» EXERCISE DATA
BEGIN
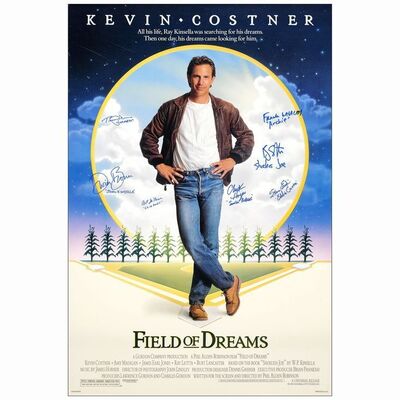 423: FIELD OF DREAMS - One-Sheet, DS (27" x 40") Autographed by Ray Liotta, Frank Whaley, Timothy Busfield, Dwier Brown, Art LaFleur, Charles Hoyes & Steve Eastin (Beckett COA.).; Very Fine+ Rolled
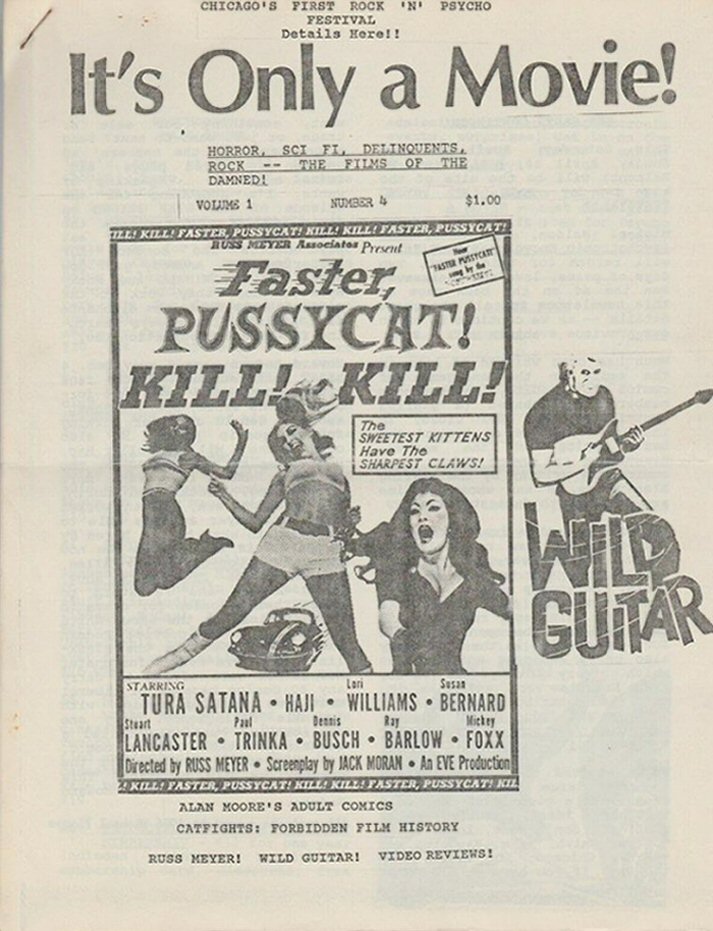 ITS ONLY A MOVIE magazine side cover  Vol 1 No  4  Newsletter 1986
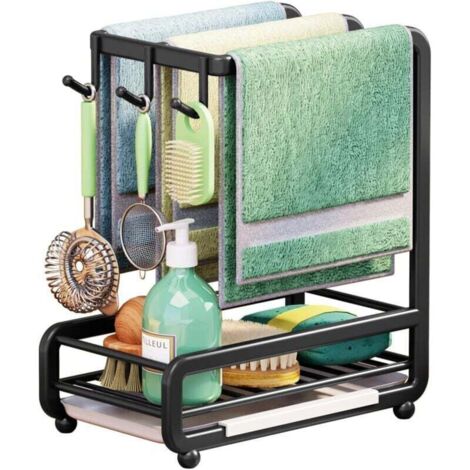 Portaesponjas para fregadero de cocina, XU, con bandeja de drenaje automático, toallero extraíble y escobillero, organizador de cocina y baño - KZQ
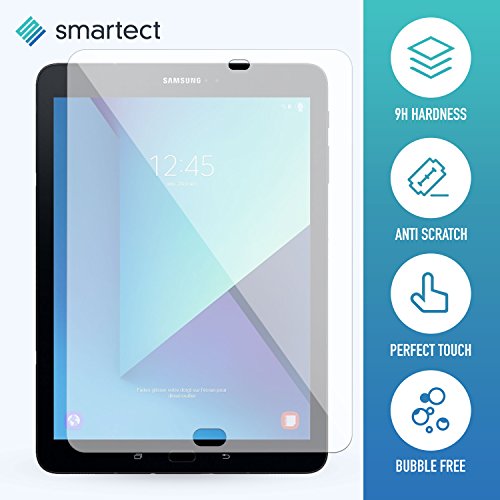 smartect® Panzerglas Displayschutzfolie für Samsung Galaxy Tab S3 9.7 (T820) aus gehärtetem Tempered Glass • Gorilla Glass mit Härtegrad 9h • 0,33mm Ultra-Dünn • Abgerundete Kanten (2.5D) • Anti Fingerabdruck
END
» DIRECTIONS FOR THIS TASK
Take the lines from the one containing "ITS ONLY A MOVIE" through the last line of the listing and repeat them exactly. Omit the pictures.

» TASK RESULT
 ITS ONLY A MOVIE magazine side cover  Vol 1 No  4  Newsletter 1986
 Portaesponjas para fregadero de cocina, XU, con bandeja de drenaje automático, toallero extraíble y escobillero, organizador de cocina y baño - KZQ
 smartect® Panzerglas Displayschutzfolie für Samsung Galaxy Tab S3 9.7 (T820) aus gehärtetem Tempered Glass • Gorilla Glass mit Härtegrad 9h • 0,33mm Ultra-Dünn • Abgerundete Kanten (2.5D) • Anti Fingerabdruck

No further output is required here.